Is Any Nurse Actually HAPPY?
- 0Nov 1, '12 by CauliflowerI'm a fairly new nurse in a hospital who is miserable. I often come home feeling chewed up and kicked around by the older nurses in my unit. When I look around, I don't see any truly happy nurses and wonder if I got in the wrong field. Very discouraged!
- 2,028 Visits
- 2Nov 1, '12 by cn2007rnThe feeling of being chewed up and kicked around will get better when your confidence grows and you have some more experience. I think some nurses are happy but the hospital is a tough area to work in, you have shift work combined w/ working holidays and weekends. It's also a lot of responsibility which can be scary to nurses at times. Maybe the nurses you work w/ haven't found their niche. But I can tell you as a nurse I am not always super cheery but I do my best to appear happy and get thru my shift.
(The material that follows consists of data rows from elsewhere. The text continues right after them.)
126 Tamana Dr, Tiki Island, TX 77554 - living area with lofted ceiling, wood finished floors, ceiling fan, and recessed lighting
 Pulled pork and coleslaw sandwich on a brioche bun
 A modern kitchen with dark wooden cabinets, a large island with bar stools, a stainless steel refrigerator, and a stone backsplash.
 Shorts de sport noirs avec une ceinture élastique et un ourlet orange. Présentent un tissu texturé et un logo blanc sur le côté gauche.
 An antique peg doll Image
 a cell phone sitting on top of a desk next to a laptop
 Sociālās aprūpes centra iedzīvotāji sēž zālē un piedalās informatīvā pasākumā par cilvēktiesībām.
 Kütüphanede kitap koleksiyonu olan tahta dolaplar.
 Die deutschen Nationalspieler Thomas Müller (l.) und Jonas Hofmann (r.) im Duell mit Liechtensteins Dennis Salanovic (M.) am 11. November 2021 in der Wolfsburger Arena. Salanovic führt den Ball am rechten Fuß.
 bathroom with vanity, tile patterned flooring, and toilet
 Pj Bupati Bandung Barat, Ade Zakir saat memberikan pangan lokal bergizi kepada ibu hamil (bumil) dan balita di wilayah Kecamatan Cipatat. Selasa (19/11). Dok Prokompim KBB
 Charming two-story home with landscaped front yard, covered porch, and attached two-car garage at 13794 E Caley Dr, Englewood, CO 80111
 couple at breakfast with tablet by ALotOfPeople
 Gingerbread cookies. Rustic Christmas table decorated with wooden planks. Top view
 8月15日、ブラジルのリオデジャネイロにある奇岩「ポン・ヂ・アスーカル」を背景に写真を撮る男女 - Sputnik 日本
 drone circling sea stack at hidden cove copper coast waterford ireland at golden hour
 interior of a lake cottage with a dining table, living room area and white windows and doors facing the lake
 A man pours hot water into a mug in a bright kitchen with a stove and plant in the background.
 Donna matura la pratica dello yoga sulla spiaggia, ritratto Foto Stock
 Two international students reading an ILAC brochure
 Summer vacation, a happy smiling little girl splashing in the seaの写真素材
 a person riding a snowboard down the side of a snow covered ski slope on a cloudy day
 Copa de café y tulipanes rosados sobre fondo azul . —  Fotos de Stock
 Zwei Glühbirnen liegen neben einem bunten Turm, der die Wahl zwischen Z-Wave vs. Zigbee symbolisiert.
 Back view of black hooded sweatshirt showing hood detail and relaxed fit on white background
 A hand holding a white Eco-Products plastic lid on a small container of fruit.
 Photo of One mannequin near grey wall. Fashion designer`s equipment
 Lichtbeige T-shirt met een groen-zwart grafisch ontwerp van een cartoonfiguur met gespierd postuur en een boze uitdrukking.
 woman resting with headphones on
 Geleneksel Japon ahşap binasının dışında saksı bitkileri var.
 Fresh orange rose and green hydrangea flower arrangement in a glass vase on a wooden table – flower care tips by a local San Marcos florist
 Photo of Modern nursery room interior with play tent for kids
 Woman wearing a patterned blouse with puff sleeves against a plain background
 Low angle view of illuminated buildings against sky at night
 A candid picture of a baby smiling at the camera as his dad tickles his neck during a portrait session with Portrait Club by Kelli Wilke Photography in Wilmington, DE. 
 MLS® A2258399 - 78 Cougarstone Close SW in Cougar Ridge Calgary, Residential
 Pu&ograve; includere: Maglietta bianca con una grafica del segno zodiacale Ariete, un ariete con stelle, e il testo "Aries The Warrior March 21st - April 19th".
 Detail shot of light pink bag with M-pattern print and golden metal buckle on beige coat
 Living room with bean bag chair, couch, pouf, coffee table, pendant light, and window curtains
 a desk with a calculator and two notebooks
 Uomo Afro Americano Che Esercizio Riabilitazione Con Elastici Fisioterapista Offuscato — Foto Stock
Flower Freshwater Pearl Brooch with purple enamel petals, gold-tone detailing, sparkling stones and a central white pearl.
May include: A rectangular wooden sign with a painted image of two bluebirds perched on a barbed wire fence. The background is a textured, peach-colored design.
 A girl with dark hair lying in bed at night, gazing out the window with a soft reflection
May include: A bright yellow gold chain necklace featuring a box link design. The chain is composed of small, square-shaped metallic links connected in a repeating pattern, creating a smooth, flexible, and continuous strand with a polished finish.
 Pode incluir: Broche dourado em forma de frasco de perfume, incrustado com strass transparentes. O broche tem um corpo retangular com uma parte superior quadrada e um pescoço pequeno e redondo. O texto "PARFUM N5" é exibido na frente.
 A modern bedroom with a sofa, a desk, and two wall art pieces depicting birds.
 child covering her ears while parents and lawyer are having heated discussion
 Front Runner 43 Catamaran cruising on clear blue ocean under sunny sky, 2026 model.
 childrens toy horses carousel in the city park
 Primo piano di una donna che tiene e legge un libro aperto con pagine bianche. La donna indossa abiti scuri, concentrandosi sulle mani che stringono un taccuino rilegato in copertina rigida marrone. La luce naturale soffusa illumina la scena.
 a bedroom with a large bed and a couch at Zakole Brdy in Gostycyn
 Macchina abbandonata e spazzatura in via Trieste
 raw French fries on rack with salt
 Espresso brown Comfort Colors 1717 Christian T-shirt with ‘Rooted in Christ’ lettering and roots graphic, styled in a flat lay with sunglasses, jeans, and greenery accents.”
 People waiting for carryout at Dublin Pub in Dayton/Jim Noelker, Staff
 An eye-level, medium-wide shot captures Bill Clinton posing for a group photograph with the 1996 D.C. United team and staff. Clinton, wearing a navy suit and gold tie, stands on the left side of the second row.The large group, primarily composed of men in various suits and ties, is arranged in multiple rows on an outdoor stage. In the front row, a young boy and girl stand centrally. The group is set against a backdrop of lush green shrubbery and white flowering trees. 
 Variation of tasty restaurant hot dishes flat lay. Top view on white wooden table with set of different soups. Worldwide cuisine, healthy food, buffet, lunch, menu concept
Best of luck!
- 1Nov 1, '12 by Sun0408The first 6 months of working as a RN, I felt chewed up, spit out, unappreciated etc. You name it, I felt it. But it did get soo much better. The other nurses on my unit were great tho and took me right in.. They were the only good thing on that unit. After a little over a year I left, went to a new facility and my co-workers there were awful.. Took me a long time to break the ice with them. We are all really good friends now and my old crew still go out together, give it time.. There is still hope, just be yourself
I have found that units with a high turn over rate the staff is a little more guarded for many reasons.
- 0Nov 5, '12 by MrsMommaRNI truly love my profession. Right now I am not loving the current situation I am in. I am also truly miserable.
You are not alone. This is hard sometimes. Harder than I ever thought. I know that nurses are miserable everywhere for different reasons. The turn over rate for nursing in general is high. Sadly oftentimes it is because of other co workers that are miserable themselves and end up driving nurses away.
All you can do is focus on you and your nursing practice. If you truly feel you can't tolerate where you are there are so many other places you can go.
Some people are not happy unless they are making those around them just as miserable as they are.
- 0Nov 6, '12 by Life_is_good_1973The good thing about nursing is the options available. I worked in a hospital from 2003 to 2005 as an apprentice nurse while attending nursing school, then transitioned into my role of RN in the ICU. While I liked my job, there were many things about it that stressed me the hell out. I left that unit to work in a smaller ICU closer to home and it was even worse. The nurses there were pretty awful and I added to it by going through some pretty horrific stuff myself. I was out of nursing for about a year and when I returned, I went back to work in a dialysis clinic. I liked the job and I loved the patients. I hated the hours and the nurse I worked alongside (she was entitled and lazy). The manager was brand new and had never run a facility before, the facility itself was new and going through growing pains.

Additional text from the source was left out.